Quand je vois sur mon blogue que mon dernier carnet remonte à près de deux mois, mon cœur de blogueuse se serre… Mais à bien y penser, voilà une saine réaction! Je vous explique.

La semaine dernière, je suis allée travailler à l’écart. Un chalet. Pas de téléphone. Pas d’internet non plus. Ou si peu. J’avais pour mission de revoir une quantité astronomique de documents pour un projet. J’étais en compagnie de deux amis, eux aussi en séance de rattrapage.

Je le savais déjà avant de partir. J’en ai eu la confirmation. Le projet sur lequel je bosse est envahissant et déprimant. J’aurai beau quitter mon bureau, aller sur une île paradisiaque pour travailler, il n’en demeurera pas moins que traiter des polluants chimiques et de leurs effets sur la santé n’a rien de réjouissant.

Si au moins, une fois l’ordinateur éteint, je pouvais simplement passer à autre chose! Comme l’ont constaté mes deux amis, c’est loin d’être le cas. J’en suis venue à me questionner sur tout. Le savon à mains, les ustensiles, le rembourrage si confortable du divan, les vêtements que je porte, le dentifrice que j’utilise… même en débouchant une bière, je me pose des questions!

Et le jour où je décide de faire comme si je ne savais rien de tout ça, d’ignorer ma petite voix scientifique, ce sont les autres qui posent les questions!

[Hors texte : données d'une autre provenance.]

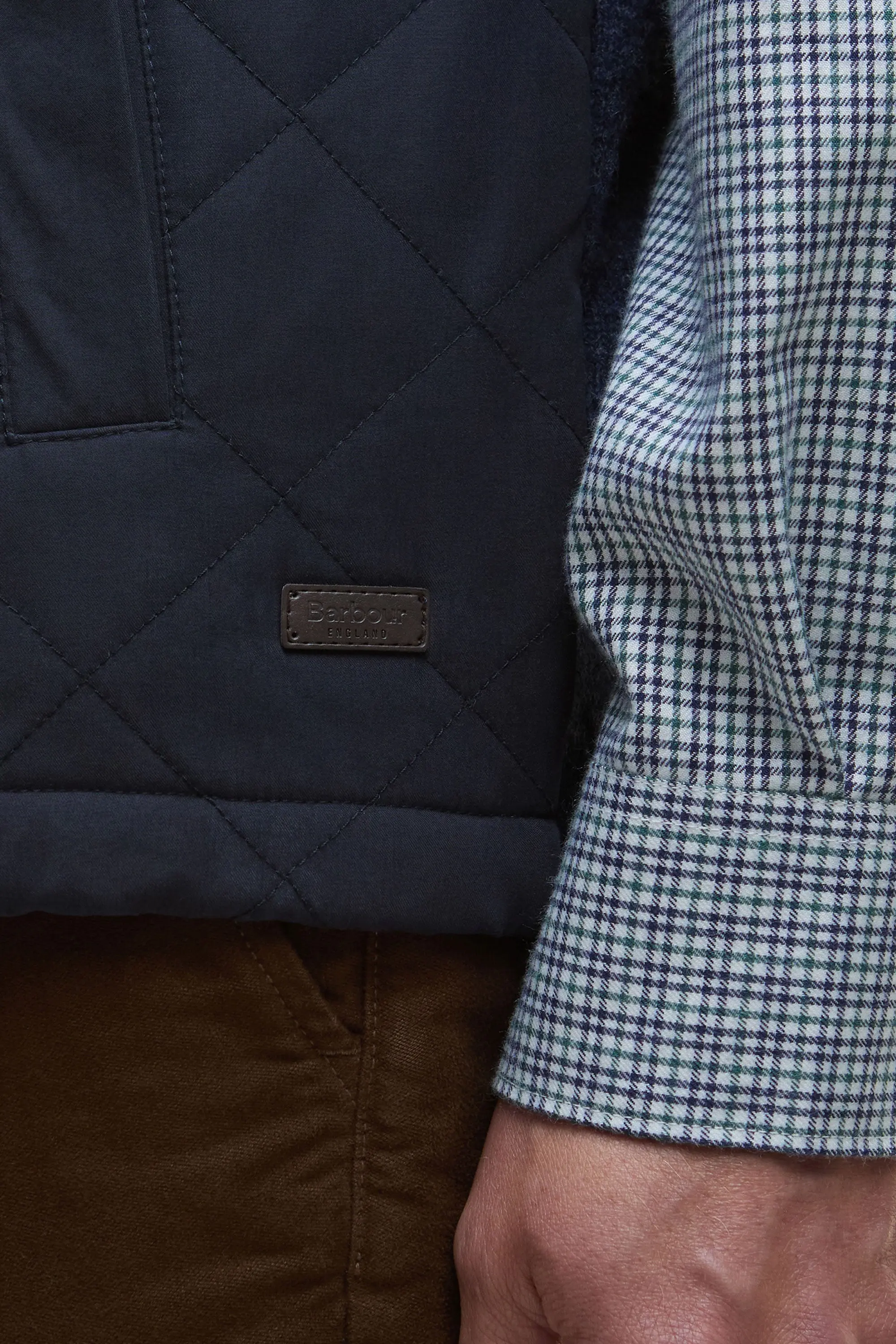 BARBOUR SHOVELER GILET NAVY - Image 4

Très dur sur l’équilibre!

Alors voilà. Je deviens allergique au projet. D’où le silence sur le blogue, puisque la plupart des nouvelles sur lesquelles j’y réagissais étaient liées à la santé et à l’environnement.

En fait, pas tant que ça. Maintenant que j’y reviens, je vois que j’ai aussi parlé d’autres choses! Il y a de l’espoir. La blogueuse en moi revient à la vie!

Mais, dites-moi… Comment vous sortez-vous des projets qui deviennent toxiques?


Travail autonome et motivation

29 avril 2008

Mon bureau fait moins de 200 pieds carrés. Deux postes de travail, trois cabinets muraux, une bibliothèque, un classeur, deux imprimantes, un scanneur, un garde-robe plein de patentes, une fenêtre, quatre plantes, deux babillards. Un téléphone aussi.

Mon poste de travail est enseveli sous la paperasse et les gadgets électroniques que j’oublie de ranger et qui finissent par se perdre entre deux dossiers, avec mes crayons préférés.

Les piles des projets ont fini par fusionner, ce qui n’est pas très pratique.

Ma boîte de réception d’Outlook débordait de courriels non classés.

Et ma liste de choses à faire s’allongeait considérablement. Tout y est urgent, il va sans dire.

Pourtant, tout l’avant-midi, j’ai classé des courriels, travaillé sur un truc par urgent du tout, téléphoné à mon chum au travail sans but précis.

La liste et ses nombreux points et sous-points m’implorent de leur porter attention. Ils savent mieux que moi que si je ne m’occupe pas d’eux, chaque point risque d’en souffrir un peu (ou beaucoup).

Le café n’a rien changé.

Écrire sur mon blog ne faisait pas partie de la liste.

Travailler de la maison, c’est chouette 80 % du temps. Mais les 20 % où la motivation s’absente, ce n’est pas joyeux.

Et on dirait qu’elle trouve le moyen de prendre congé quand l’horaire est le plus serré! Comme si je pouvais me passer d’elle quand l’agenda craque de partout!

L’aquarium aurait peut-être besoin d’un petit ménage.

Les CD sont en désordre, je pourrais les ranger en ordre de couleur…

Définitivement, ça ne semble pas vouloir s’arranger pour aujourd’hui!